Rob Saric is an experienced entrepreneur that is passionate about startups, product design and all things related to the business of software.

The general answer to that question is no. I highly recommend arriving at an agreement to pay agencies for their pitches whenever possible if they’re going to be providing consultations, storyboards, mock ups, etc. However, if a client is basing their choice simply on your portfolio then I don’t see the need but if there are new ideas coming to the table, they should be compensated for the effort assuming you’ve agreed on the process beforehand.

The core issue here is respect. When you have respect and open communication between client and agency it leads to better work in my experience.  Quite simply agencies produce better work for clients they respect.

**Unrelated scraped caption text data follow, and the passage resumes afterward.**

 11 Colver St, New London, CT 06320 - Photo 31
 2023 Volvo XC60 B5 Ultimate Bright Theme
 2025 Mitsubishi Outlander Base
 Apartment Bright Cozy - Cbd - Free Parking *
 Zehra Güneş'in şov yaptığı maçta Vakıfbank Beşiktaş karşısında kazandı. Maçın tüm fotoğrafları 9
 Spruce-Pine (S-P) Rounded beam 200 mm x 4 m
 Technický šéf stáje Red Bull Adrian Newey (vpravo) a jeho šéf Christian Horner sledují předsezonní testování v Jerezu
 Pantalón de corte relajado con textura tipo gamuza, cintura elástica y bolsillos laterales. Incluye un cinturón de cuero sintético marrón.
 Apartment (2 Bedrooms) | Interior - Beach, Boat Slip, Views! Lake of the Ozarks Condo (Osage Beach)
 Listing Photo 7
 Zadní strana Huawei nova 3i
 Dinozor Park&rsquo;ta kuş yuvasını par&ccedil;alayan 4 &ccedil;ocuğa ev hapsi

Giving free services away in anticipation of future business with that person communicates desperation and gives a perception of low value. If a prospective client does not want to pay full cost – or any cost, for that matter – you may still offer the following:

1.  Quid-pro-quo: Something for something

What of this prospect’s products or services can it offer you in exchange? If none, can the prospect offer you a one-time look at his/her client and contact list, so that you may send a letter, signed by the prospect, singing your praises? If not, don’t give your services away.

2.  Offer to sell the prospect a smaller scale project

Once the prospect has paid for that project and likes the work you did, offer to roll out the remainder of the project for the difference in cost.

3. Be prepared to walk.

In these tough economic times, money’s tight. Resist the temptation to discount or give away. Besides, even if you do win business with this prospect, he/she will be so tough to work with, it won’t even be worth the money, and they’ll detract you from the prospects that do have money for your services.

Spec work (or work on speculation is defined as any requested work for which a fair and reasonable fee has not been agreed upon, preferably in writing) depreciates the product, reduces company morale and sets an uncomfortable precedent for future business relationships. Your investments of time and effort comprise equity.

The exception to the rule, of course, is if you would be offering your services to a non-profit (NPO) or charitable organization that you have a genuine and sincere empathy towards.